Use good couplers - import ones will work, but good 6-ball ones from your local supplier of quality air tools will work much better.  Cheaper ones often restrict the air flow a lot.


--Bushytails


----------



## primaveria (Sep 9, 2008)

I agree with Bushytails, I love my IR.


----------



## athos76 (Sep 14, 2008)

If its for your truck, go buy one of the 12v impact wrenches.  I got one for my jeep, and the cord is long enough to reach all the tires and the jeep next to me.


----------



## Bushytails (Sep 17, 2008)

What brand did you get?  I find those rarely have enough torque....

--Bushytails


----------



## BPJOOP93 (Sep 17, 2008)

athos76 said:


> If its for your truck, go buy one of the 12v impact wrenches.  I got one for my jeep, and the cord is long enough to reach all the tires and the jeep next to me.

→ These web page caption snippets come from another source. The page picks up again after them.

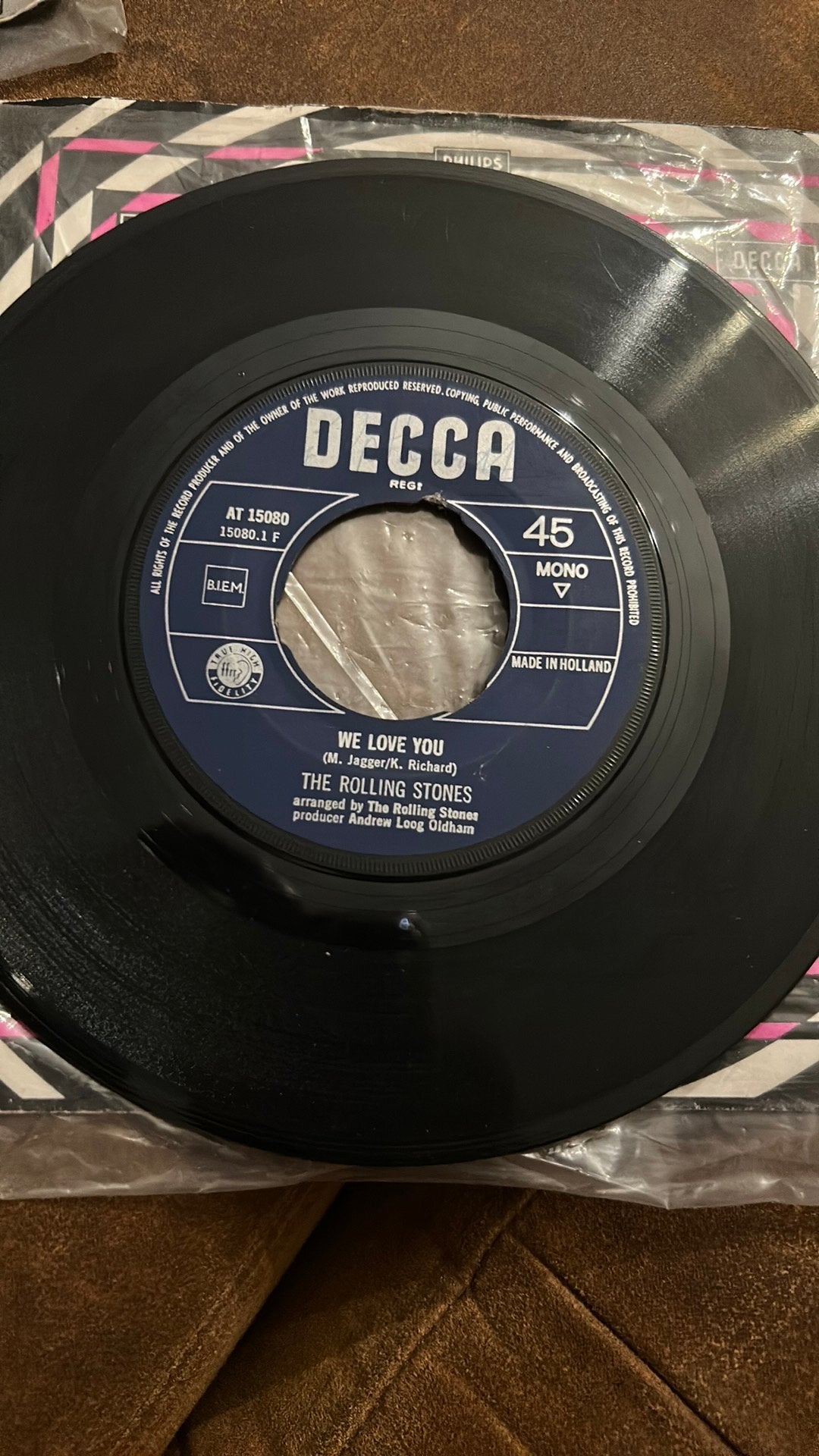 The rolling stones - we love you, Ophalen of Verzenden, Zo goed als nieuw, Pop
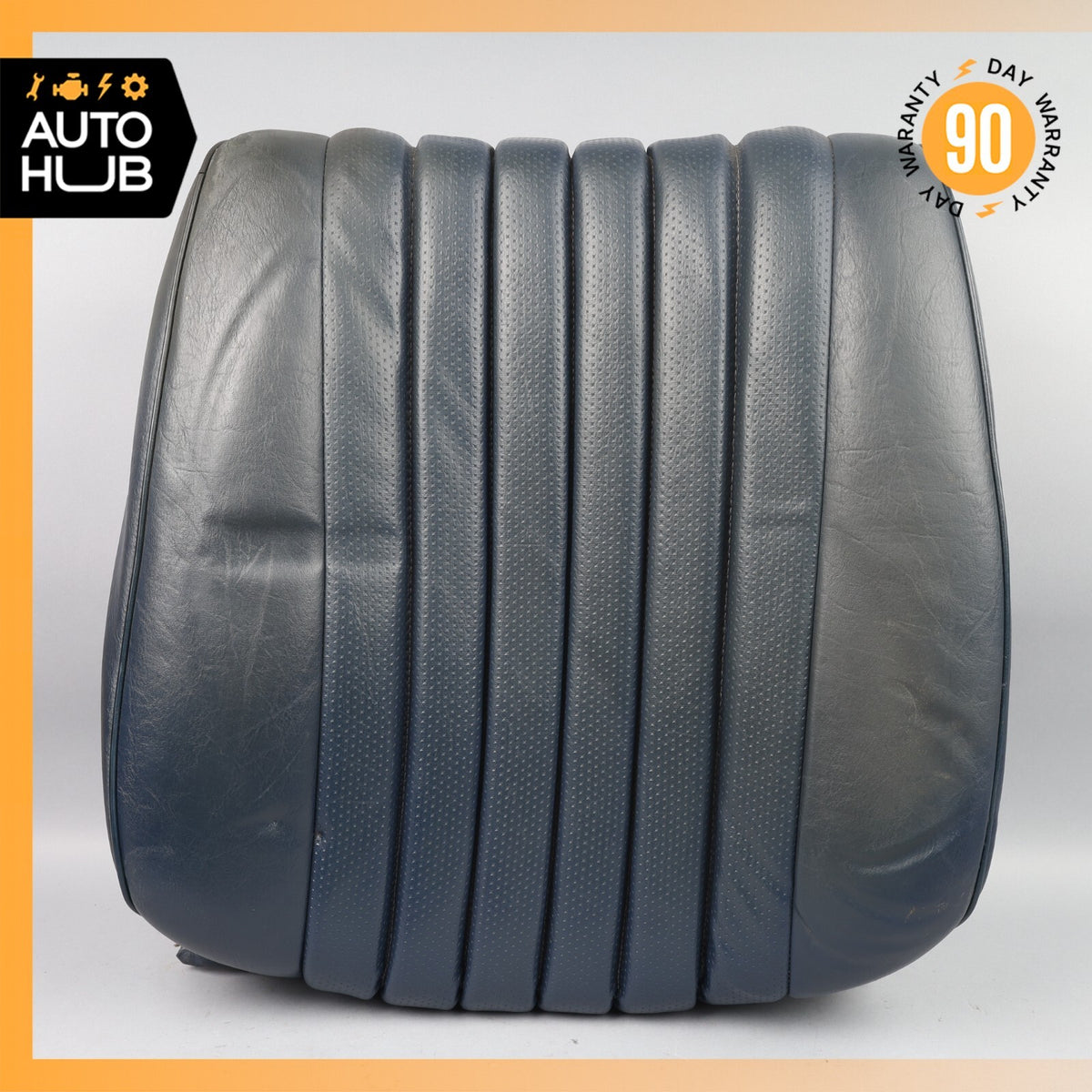 80-89 Mercedes R107 380SL 560SL Top Upper Seat Cushion Right Side Blue OEM - photo 1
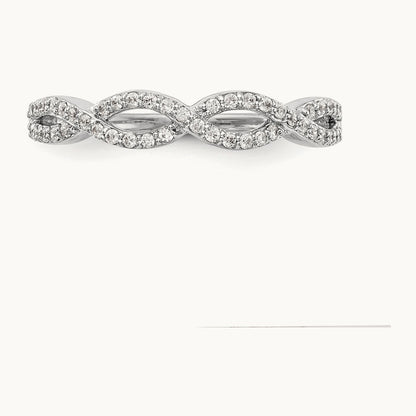 Diamond Band, 14K White Gold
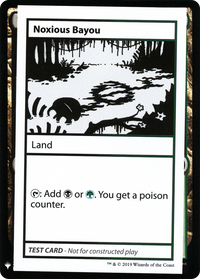 Noxious Bayou [Mystery Booster Playtest Cards]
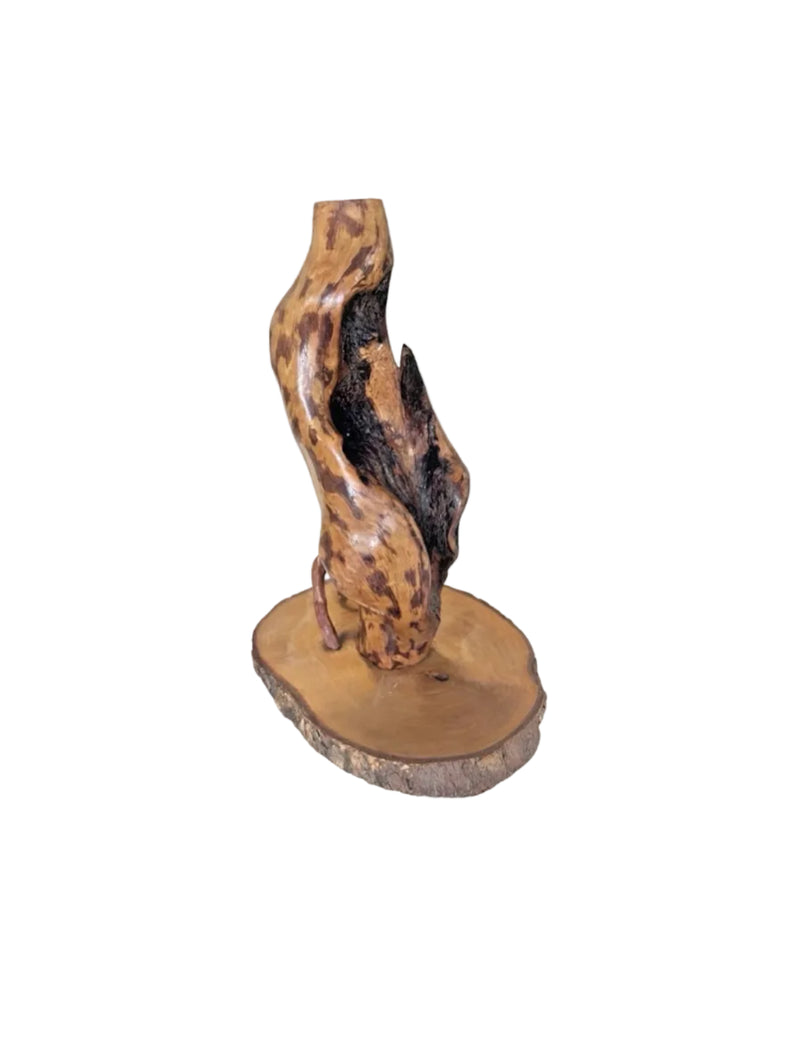 Handcrafted Natural Wood Burl Sculpture Decor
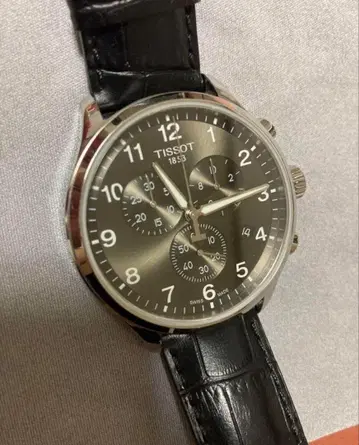 Tissot 크로노그래프 실버/블랙 손목시계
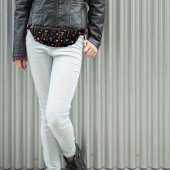 Neon Wildflower op zwart Heuptasje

how can you have a cord on acordless tool? the new milwaukee cordless tools are excellent, if you dont want to up your air compressor.  spend the money wisely when it comes to air tools. i have a porter cable 2 stage ac, and a bunch of different air tools and you get what you pay for. i have one of those cheap impacts listed at the top of this thread and its worked great for about 13 years. just remember to take care of them and OIL THEM.


----------



## Jeff (Sep 26, 2008)

BPJOOP93 said:


> how can you have a cord on acordless tool?



I assume he means 12v car battery, this unit plugs into the car lighter and has a digital torque control


----------